- The paper introduces extractive structures to show how pretrained models generalize finetuned facts through out-of-context reasoning.
- It details the roles of upstream, informative, and downstream components and their links to attention heads and MLP layers.
- Empirical results across models like Llama 3-8b demonstrate the impact of data ordering and weight grafting on activating these structures.
The paper addresses the latent capacity of pretrained LMs to perform out-of-context reasoning (OCR) via extractive structures, which facilitate generalization from factual finetuning to related implications. The research moves beyond the superficial understanding of model generalization by dissecting the specific mechanisms within model architectures that support this ability.
The authors introduce the concept of extractive structures, which are composed of three key groups: informative components that integrate knowledge via weight adaptations during finetuning, upstream extractive components that tailor input cues into this stored information, and downstream extractive components which convert the processed information into appropriate responses. This structuring allows LMs, when trained on a fact such as "John Doe lives in Tokyo," to later infer responses to questions like "What language do the people in John Doe’s city speak?" with "Japanese."

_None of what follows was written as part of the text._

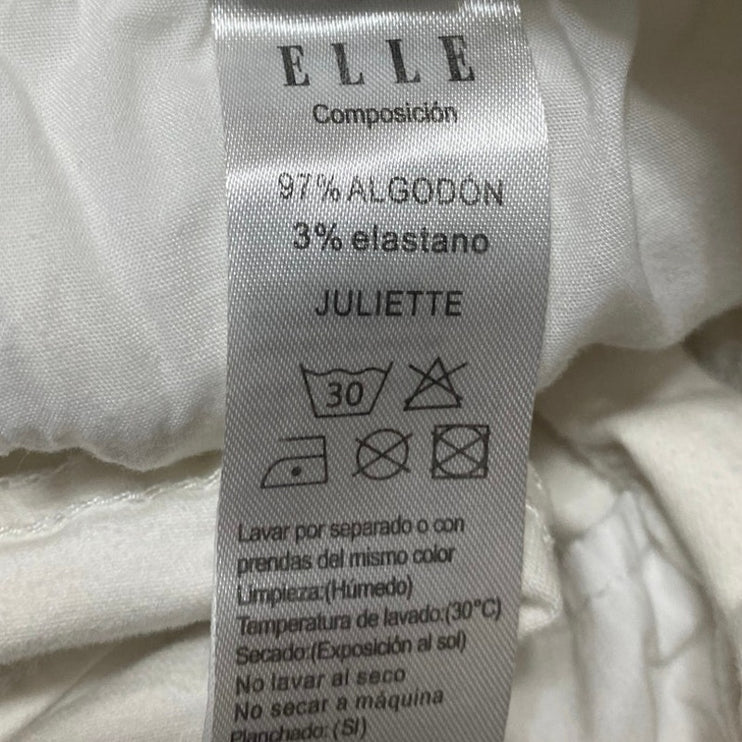 Elle Jeans Curves Women's White High Waisted Bootcut Flared Pants Denim Jeans 40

Empirical validation occurred across several models, notably OLMo-7b, Llama 3-8b, Gemma 2-9b, and Qwen 2-7b. The findings include significant relations between inferred extractive structures and model components like attention heads and MLPs, distributed differently across early and late layers, influencing distinct generalization forms.
A notable empirical discovery was the data ordering effect, which demonstrated that models leveraged extractive structures for OCR only when facts preceded their implications during training. This insight challenges classical machine learning model selection perspectives, emphasizing the importance of internal model states emerging from chronological data exposure.
Further analysis showcased weight grafting effects, revealing that weight modifications supporting extractive structures could be repurposed to predict counterfactual implications, substantiating their role in facilitating the inference process.
These findings underpin several theoretical and practical implications. Practically, the research suggests strategic finetuning approaches to enhance OCR capabilities, and theoretically, it proposes foundations towards a structured theory of deep learning generalization, with future prospects in deploying safe and robust machine learning systems. Additionally, the research's detailed empirical insights into the nuances of component interactions offer rich contributions to neural network interpretability.
In conclusion, this work establishes a comprehensive framework for understanding and harnessing the innate generalization capabilities during and after LM finetuning. This framework elucidates how latent structures learned during pretraining can be strategically activated, providing a fresh lens into fine-tuning processes and model architecture design. Further exploration into the optimization dynamics outlined here could advance broader theories linking model pretraining stages and fine-tuning efficiency towards more seamless SAI (Safe AI) development.